*EXERCISE AIM*
In your copy of the data, keep every word exact and include no pictures.
INFORMATION PROVIDED: Begin
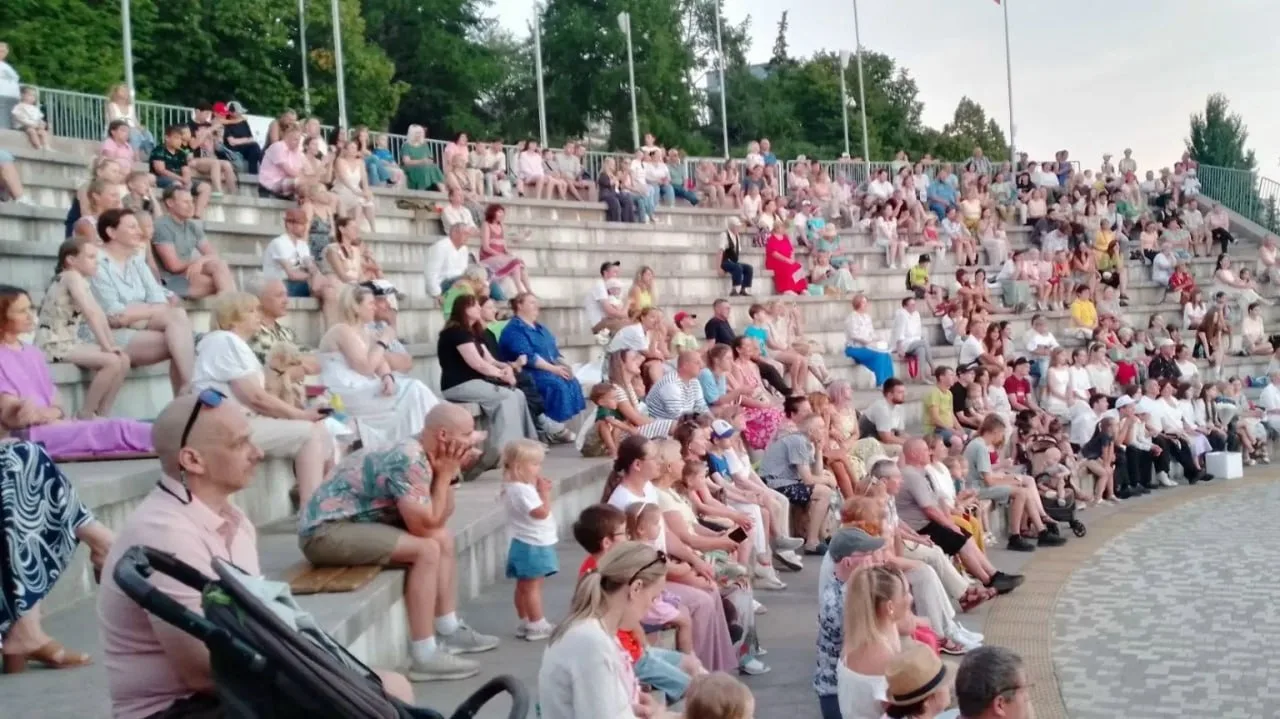 Бесплатный кинотеатр под открытым небом «Филин»

⏰25 и 26 июля (сб и вс)
📍Кинотеатр под открытым не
INFORMATION PROVIDED: End
*YOUR RESPONSE*
 Бесплатный кинотеатр под открытым небом «Филин»

⏰25 и 26 июля (сб и вс)
📍Кинотеатр под открытым не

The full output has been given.